▸ Your instructions
All that is needed is the lines from the one containing "I Heart Shenanigans" through the end of the listing, printed exactly, with no pictures among them.

#####

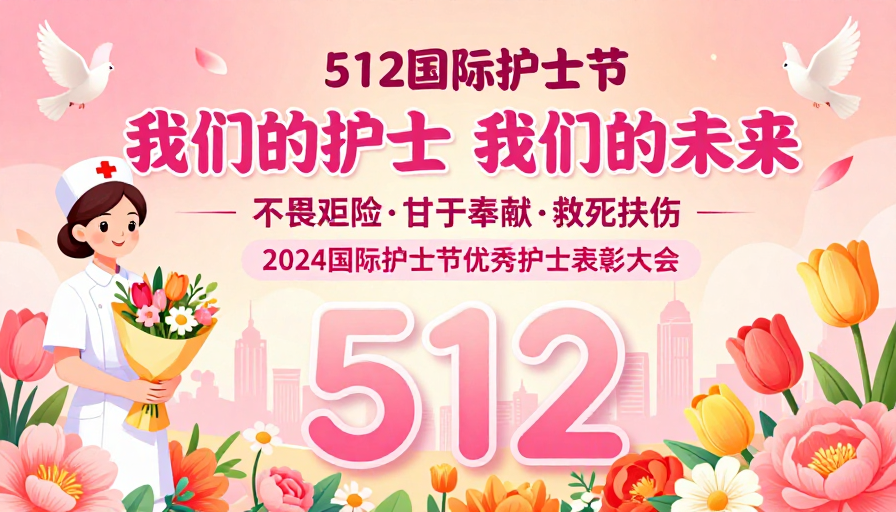 温暖希望：2024国际护士节优秀表彰主题插画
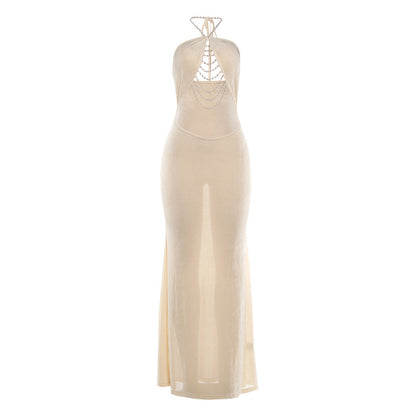 DLS summer halter backless Pearl decorative navel sheath dress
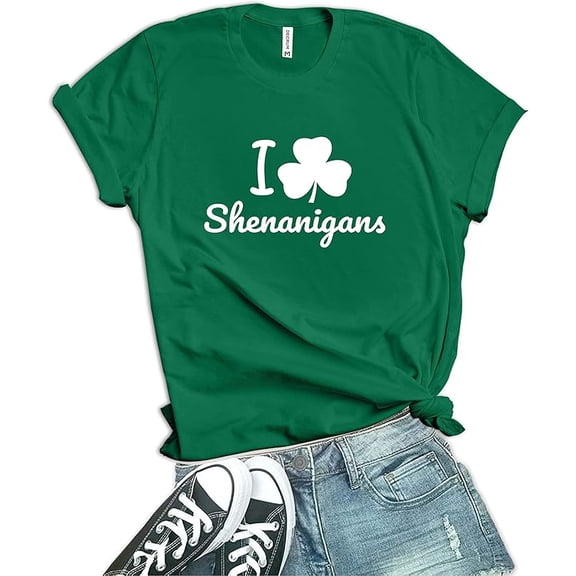I Heart Shenanigans St Patrick’s Day Shirt for Women, Magically Delicious Shamrock Irish Graphic Tee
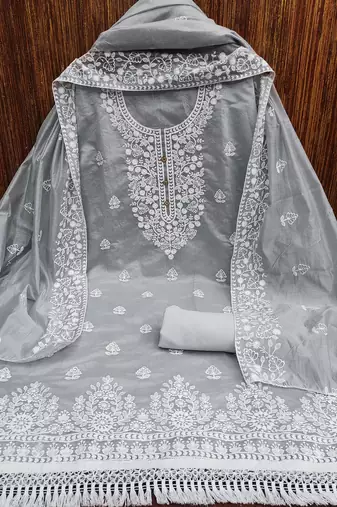  women's grey chanderi cotton embroidered unstitched salwar kameez with dupatta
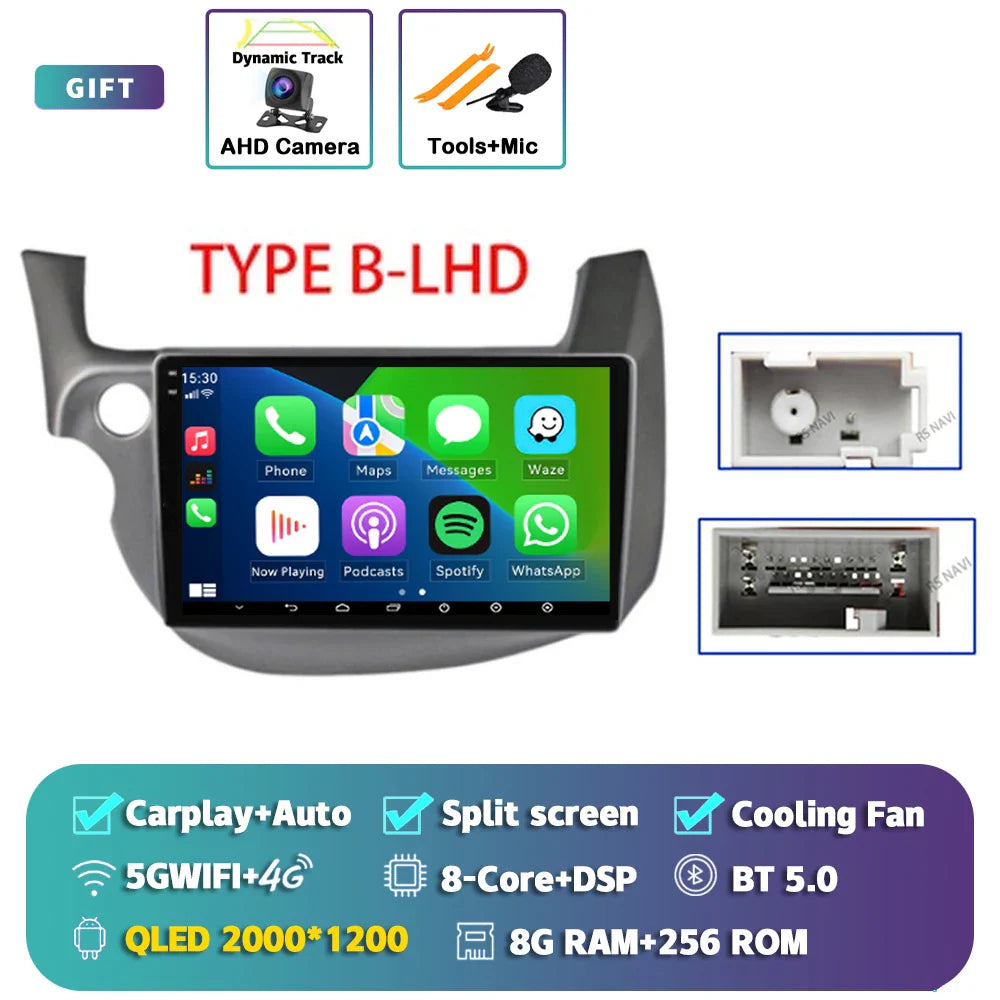Android 14 Carplay Auto Car WIFI+4G Radio Multimedia Player For HONDA FIT JAZZ 2007 - 2013 Autoradio GPS Stereo 2din Head Unit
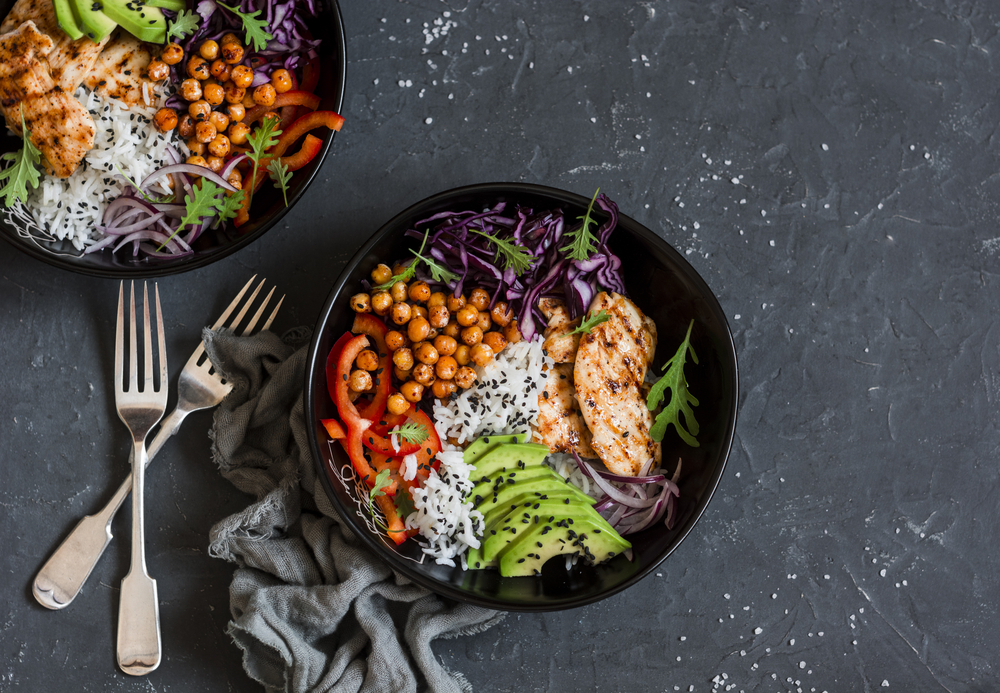 healthy and delicious rice bowl with chickpeas and plenty of fresh veggies which is a great dish! There are other amazing dishes featured at the best dining in Hendersonville!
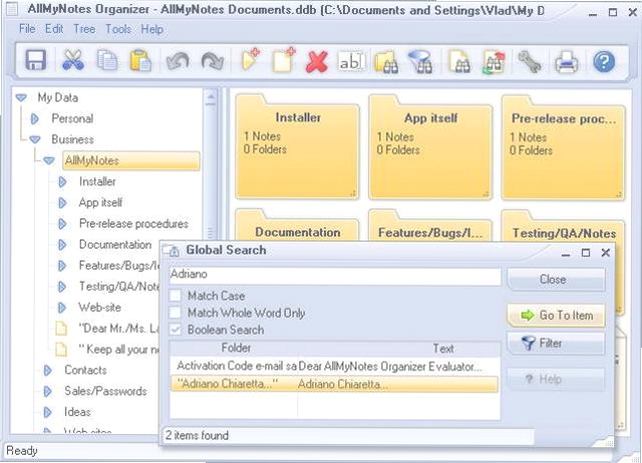 AllMyNotes Organizer Free Edition 导入导出教程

#####

▸ Answer box
I Heart Shenanigans St Patrick’s Day Shirt for Women, Magically Delicious Shamrock Irish Graphic Tee
  women's grey chanderi cotton embroidered unstitched salwar kameez with dupatta
Android 14 Carplay Auto Car WIFI+4G Radio Multimedia Player For HONDA FIT JAZZ 2007 - 2013 Autoradio GPS Stereo 2din Head Unit
 healthy and delicious rice bowl with chickpeas and plenty of fresh veggies which is a great dish! There are other amazing dishes featured at the best dining in Hendersonville!
 AllMyNotes Organizer Free Edition 导入导出教程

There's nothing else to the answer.